An economist says the high dairy prices at Fonterra's latest global dairy auction suggests that there will be good revenue coming from the dairy sector over the next 12 months.
The Global Dairy Trade Weighted Index, which covers a range of 30 products, fell 2.4% with an average selling price of $US4847 a tonne.
It's the first fall since June, and is off the back of very high dairy prices. The average winning price in the latest auction is almost three quarters higher than it was this time last year.
The volumes traded rose nearly 60% to more than 60,587 tonnes.
Bank of New Zealand economist Doug Steel says while he will be watching for any impact of Fonterra's contamination scare in the longer term, from the latest auction result there's no sign that the market has been spooked.
He says prices for whole milk powder have strengthened in the longer term, which he says is important particularly for November through to February contracts when the bulk of New Zealand milk is made.

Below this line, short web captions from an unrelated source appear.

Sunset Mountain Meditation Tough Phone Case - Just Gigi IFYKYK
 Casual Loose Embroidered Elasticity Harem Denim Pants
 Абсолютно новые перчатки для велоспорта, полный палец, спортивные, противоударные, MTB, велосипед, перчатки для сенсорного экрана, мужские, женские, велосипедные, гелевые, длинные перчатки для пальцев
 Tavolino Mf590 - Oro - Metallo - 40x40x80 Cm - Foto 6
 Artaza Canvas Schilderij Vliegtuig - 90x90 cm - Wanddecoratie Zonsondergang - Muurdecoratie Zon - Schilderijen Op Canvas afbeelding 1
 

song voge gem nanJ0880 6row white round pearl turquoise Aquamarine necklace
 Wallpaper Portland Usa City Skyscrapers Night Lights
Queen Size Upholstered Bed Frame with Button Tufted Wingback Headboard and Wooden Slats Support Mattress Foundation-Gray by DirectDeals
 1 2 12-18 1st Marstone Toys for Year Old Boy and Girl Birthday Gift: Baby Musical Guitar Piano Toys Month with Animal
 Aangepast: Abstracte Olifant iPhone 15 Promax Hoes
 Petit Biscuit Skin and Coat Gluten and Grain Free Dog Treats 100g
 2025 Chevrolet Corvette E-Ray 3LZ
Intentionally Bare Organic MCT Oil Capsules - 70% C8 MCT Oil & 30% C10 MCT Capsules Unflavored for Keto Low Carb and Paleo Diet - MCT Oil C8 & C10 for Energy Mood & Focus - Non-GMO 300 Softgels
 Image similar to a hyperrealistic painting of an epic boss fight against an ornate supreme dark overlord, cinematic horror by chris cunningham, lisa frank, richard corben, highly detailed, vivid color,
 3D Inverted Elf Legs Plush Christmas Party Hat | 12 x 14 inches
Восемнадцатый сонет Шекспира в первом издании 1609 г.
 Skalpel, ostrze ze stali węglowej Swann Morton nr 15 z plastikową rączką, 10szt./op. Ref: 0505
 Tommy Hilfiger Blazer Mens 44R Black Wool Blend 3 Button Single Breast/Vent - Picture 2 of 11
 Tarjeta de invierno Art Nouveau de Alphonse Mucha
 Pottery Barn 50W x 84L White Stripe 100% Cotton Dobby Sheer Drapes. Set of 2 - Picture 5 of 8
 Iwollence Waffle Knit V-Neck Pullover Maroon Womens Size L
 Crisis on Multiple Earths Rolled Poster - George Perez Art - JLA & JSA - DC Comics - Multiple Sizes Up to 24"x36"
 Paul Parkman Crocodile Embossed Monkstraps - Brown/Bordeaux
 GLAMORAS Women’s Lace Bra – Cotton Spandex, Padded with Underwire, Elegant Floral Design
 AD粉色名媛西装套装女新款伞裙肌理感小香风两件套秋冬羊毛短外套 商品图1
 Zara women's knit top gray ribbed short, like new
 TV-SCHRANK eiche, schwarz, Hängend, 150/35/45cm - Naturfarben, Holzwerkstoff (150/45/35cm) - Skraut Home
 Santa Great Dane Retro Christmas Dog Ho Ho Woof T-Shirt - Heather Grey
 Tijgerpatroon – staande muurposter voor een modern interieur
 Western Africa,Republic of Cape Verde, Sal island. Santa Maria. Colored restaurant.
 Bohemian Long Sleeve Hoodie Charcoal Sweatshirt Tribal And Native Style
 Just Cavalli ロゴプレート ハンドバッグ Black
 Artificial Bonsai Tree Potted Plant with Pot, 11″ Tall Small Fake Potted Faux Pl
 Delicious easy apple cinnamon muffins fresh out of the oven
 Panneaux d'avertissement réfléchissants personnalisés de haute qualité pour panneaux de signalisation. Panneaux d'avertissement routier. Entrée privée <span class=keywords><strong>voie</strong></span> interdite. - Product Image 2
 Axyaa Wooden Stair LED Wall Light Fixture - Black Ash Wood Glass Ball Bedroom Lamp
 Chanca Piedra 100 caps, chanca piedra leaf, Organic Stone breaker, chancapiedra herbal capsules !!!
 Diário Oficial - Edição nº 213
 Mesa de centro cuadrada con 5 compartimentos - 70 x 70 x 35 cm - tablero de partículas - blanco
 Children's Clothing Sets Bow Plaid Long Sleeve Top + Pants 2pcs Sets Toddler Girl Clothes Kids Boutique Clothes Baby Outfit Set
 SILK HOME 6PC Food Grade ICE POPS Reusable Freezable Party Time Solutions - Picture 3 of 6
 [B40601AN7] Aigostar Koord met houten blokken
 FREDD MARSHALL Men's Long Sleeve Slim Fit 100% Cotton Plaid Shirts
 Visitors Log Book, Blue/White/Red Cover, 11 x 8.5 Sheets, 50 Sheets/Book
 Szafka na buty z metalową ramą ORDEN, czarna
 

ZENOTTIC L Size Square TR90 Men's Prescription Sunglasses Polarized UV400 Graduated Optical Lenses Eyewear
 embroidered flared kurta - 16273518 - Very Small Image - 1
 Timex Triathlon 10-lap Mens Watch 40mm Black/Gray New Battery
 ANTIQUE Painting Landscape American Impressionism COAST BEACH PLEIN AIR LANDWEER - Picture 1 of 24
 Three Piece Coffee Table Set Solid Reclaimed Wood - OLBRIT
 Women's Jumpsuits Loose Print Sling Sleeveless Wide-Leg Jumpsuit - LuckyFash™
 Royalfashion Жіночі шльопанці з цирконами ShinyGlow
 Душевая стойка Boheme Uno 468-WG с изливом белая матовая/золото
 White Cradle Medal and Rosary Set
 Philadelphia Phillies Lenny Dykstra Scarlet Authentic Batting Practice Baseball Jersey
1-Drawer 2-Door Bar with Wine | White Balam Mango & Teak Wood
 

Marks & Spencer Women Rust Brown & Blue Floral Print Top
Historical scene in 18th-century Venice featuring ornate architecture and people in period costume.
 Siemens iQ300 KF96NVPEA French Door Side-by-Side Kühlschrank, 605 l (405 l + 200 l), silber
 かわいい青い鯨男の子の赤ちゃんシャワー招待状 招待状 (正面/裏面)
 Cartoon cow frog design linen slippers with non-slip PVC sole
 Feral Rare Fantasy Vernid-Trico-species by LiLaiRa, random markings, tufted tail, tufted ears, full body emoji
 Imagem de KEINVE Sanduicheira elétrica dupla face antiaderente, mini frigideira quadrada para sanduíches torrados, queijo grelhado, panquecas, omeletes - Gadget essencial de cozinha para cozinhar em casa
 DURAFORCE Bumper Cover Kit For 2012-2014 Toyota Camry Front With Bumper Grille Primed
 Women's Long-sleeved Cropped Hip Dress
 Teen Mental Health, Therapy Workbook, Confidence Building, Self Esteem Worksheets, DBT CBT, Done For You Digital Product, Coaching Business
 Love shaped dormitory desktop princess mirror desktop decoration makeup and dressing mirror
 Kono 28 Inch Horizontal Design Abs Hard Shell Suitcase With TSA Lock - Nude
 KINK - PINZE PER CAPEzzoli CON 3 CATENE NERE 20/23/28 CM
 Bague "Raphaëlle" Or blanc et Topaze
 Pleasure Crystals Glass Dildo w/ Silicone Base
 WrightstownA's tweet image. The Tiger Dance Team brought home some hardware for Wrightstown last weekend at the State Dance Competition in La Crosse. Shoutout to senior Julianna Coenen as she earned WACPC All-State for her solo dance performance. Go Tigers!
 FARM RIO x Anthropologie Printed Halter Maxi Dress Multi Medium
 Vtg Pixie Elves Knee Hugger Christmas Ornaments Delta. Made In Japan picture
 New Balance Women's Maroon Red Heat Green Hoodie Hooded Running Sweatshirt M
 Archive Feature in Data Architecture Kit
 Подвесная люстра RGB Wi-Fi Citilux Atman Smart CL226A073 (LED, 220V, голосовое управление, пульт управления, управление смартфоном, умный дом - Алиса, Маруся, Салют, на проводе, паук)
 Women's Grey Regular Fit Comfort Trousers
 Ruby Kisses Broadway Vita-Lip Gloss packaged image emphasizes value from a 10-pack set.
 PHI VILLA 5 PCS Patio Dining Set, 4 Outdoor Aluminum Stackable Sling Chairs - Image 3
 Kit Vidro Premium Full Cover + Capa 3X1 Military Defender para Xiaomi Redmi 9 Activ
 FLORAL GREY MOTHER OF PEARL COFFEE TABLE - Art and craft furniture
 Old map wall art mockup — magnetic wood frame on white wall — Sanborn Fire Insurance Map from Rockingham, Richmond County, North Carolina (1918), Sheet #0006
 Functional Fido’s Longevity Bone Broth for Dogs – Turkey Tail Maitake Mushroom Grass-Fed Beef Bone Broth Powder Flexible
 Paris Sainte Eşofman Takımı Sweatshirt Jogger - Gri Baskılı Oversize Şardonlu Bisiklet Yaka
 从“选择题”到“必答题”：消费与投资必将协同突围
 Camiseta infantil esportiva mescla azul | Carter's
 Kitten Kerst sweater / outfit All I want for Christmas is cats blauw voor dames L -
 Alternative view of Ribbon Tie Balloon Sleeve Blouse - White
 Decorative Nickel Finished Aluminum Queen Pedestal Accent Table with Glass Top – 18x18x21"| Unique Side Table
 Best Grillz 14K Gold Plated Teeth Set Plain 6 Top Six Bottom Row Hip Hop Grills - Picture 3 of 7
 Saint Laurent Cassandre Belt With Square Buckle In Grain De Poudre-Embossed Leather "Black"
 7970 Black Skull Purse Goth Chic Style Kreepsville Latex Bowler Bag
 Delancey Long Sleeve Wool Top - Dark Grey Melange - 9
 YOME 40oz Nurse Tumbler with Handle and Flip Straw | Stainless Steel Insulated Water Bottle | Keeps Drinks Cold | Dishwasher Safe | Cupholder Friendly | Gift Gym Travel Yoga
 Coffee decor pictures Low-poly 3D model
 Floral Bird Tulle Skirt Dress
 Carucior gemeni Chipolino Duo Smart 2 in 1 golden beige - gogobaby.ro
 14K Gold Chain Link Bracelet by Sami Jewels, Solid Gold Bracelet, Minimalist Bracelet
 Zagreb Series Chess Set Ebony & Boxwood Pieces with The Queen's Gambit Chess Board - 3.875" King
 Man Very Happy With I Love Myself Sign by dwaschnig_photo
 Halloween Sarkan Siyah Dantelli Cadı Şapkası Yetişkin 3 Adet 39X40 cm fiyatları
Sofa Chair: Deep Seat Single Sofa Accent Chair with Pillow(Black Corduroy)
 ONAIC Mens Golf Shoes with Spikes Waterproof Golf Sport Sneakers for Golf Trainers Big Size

"The fact we're going to get good prices for the bulk of New Zealand's dairy output over the coming 12 months is very good news."
Mr Steel says there are a number of factors which could have influenced the latest dairy prices.
Cheese has been stockpiled in the US and the outlook for US milk production is increasing because grain prices are coming down.
Mr Steel says these factors have seen milk prices in the US fall quite a way from the previous auction, which may be having a downward influence on prices.
He says a 2.4% change in overall milk prices between two periods is well within the norm for these milk auctions.